A maximum of five England-qualified players for each side - the top four players from each division and the top spinner if not one of those four - will be chosen using the PCA's Most Valuable player rankings from this year's Royal London Cup, the domestic 50-over competition, with the rest chosen by the England selectors. The spinner will only qualify through their bowling exploits, so batting allrounders who bowl a little spin are unlikely to qualify.
The three-match series will take place in Abu Dhabi next March and is currently viewed as a three-year plan aimed at improving England's chances in the 2019 World Cup.
Had the rules been in place in 2015 the players to qualify from the South would have been Steven Davies, Benny Howell, Liam Dawson, Ravi Bopara and, as the spinner, Jack Taylor. From the North, Wes Durston, Samit Patel, Scott Borthwick and Alex Hales would have qualified. Riki Wessels finished ahead of Hales but was not, at the time, England qualified. Stephen Parry would have qualified as the spinner.
Twenty-six players will be chosen for the two squads in total, with no age limits applied. Nobody who has retired from ODI cricket will be selected, ruling out the likes of Marcus Trescothick, Ian Bell, Paul Collingwood or Jonathan Trott, while it is also unlikely that members of England's ODI squad - who will have just finished a series in the Caribbean in March - will be considered for selection.
No sponsorship or broadcast arrangements have yet been made for the games, though there is plenty of time to resolve both issues.
There is no obvious downside to the idea. While it might, potentially, encourage selfish cricket for players on the brink of the top four - and it does raise the vaguely amusing but highly improbable prospect of Kevin Pietersen qualifying in the unlikely event he decided to return to county cricket - the tournament might be considered another small step towards giving England the best chance in 2019.
Might it have been played in England? Ideally, of course. But the schedule, for 2016 at least, precludes that. Not only is there limited space, but the 50-over final does not take place until the brink of autumn.
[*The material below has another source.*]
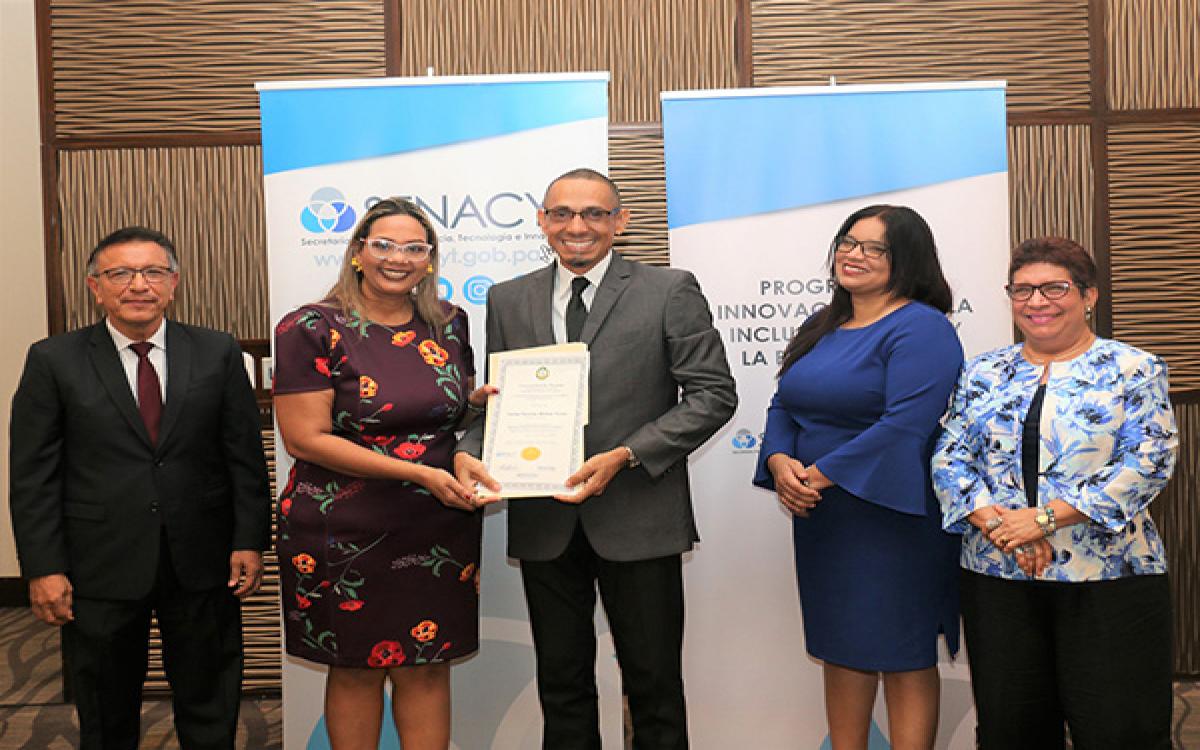 Prof. Carlos Medina, de Darien, recibe certificado por cursar diplomado de Matemáticas. Le entrega la Dra. Milena Gómez Cedeño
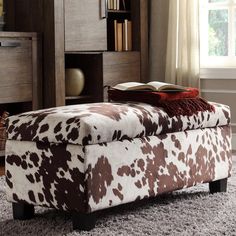 a brown and white cow print footstool sitting in front of a bookcase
Possibly in 2017, when most 50-over cricket is played in a block and the final is scheduled for mid-summer, that could change, but the UAE - with its excellent facilities and reliable climate - remains the more likely host for now. "Nothing is off the table," Strauss said.
But perhaps the most relevant point is that Strauss has chosen to use this idea to promote ODI cricket. He might have used it to improve the T20 or Test sides, but he came into the job after England had endured another wretched World Cup campaign and promising to give new impetus to List A cricket - the format that seems to have slipped down the pecking order at domestic level - and has stuck to that commitment. The ECB see the 2019 World Cup, which they host, as a once in a generation opportunity to inspire new interest in the game and know how important a part a successful England team could play in that.
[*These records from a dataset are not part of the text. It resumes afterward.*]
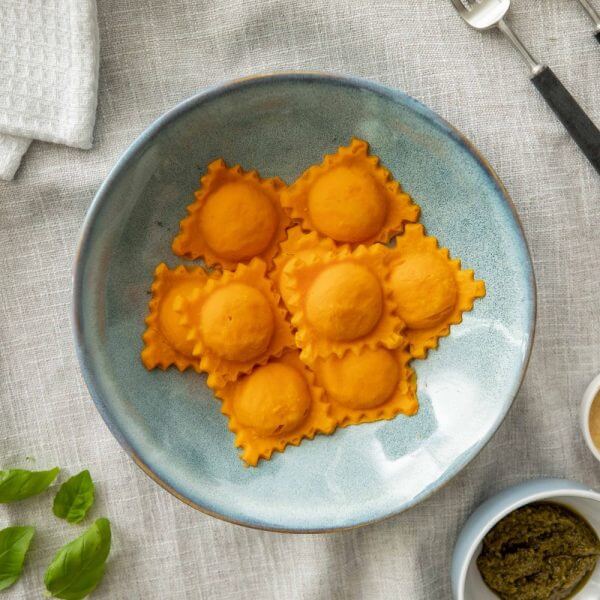 pureed carrot lentil ravioli in a pasta bowl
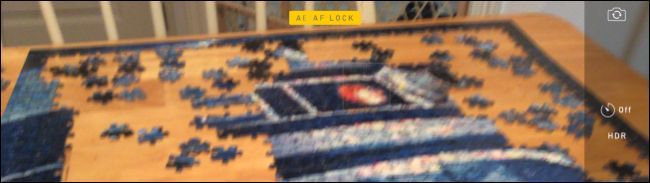 Сообщение AE/AF LOCK на экране iPhone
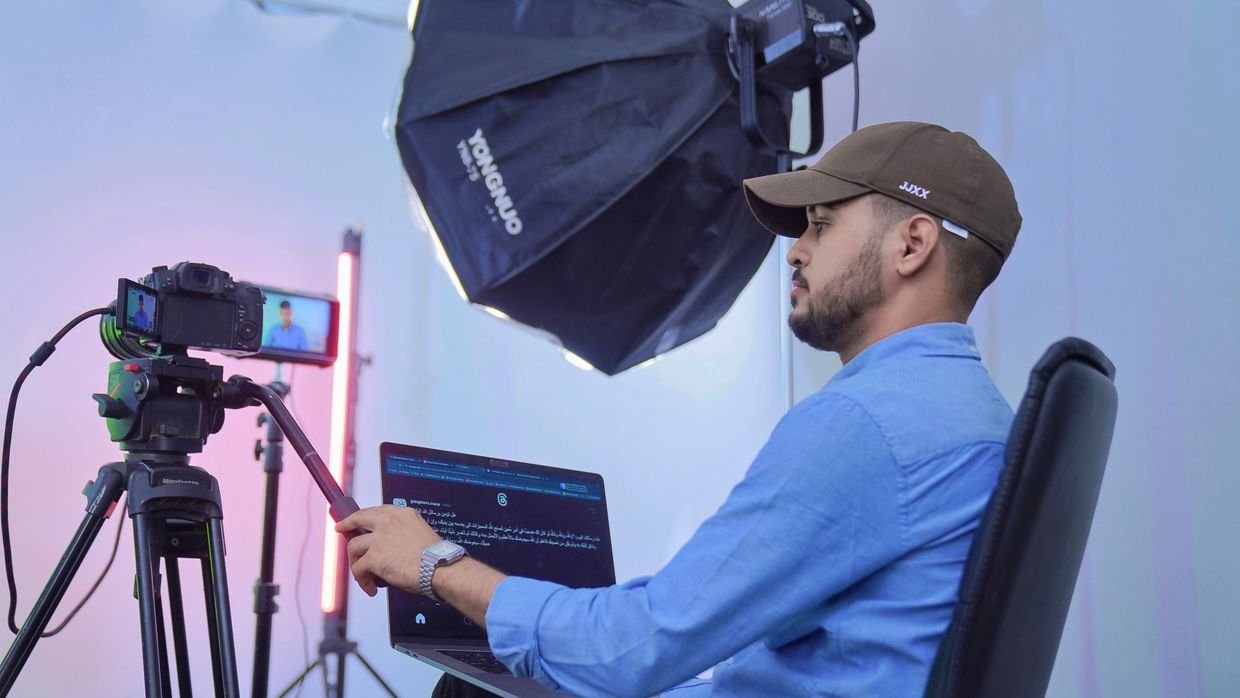 A creator recording a video, the person every newsletter item should name and link back to.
This North v South series is not the full answer to England's ODI issues. But anything that encourages greater relevance and intensity in the domestic game is to be encouraged and if this scheme "accelerates the progress of one or two players" as Strauss puts it, then all well and good. And, taken in conjunction with other alterations - the move to something approaching a block format in 2017, the emphasis on improved pitches - it should help.
The MVP rankings were launched in 2007 and the PCA has worked with the ECB's high performance centre at Loughborough to enhance them for this new venture. The system moves beyond basic averages, with batsmen gaining points for strike-rate and a percentage of the team's score while bowlers are rewarded higher for which batsmen they dismiss. The quality of opposition is taken into account as well as overall conditions.
"This is a good opportunity for England, domestic players and the game," Strauss said. "Finding the best players outside the current England set-up, playing them against each other in overseas conditions and placing them in an England environment will help us see if they're ready for international cricket.
"As a player you always like to see how you rank - it gives you recognition and here it comes with the added bonus of getting further into the England reckoning as we look ahead to the World Cup here in 2019.
"And for fans it also gives an added element to the Royal London Cup, putting the spotlight on the players to follow in the 50-over game. This is a shot in the arm for the domestic game."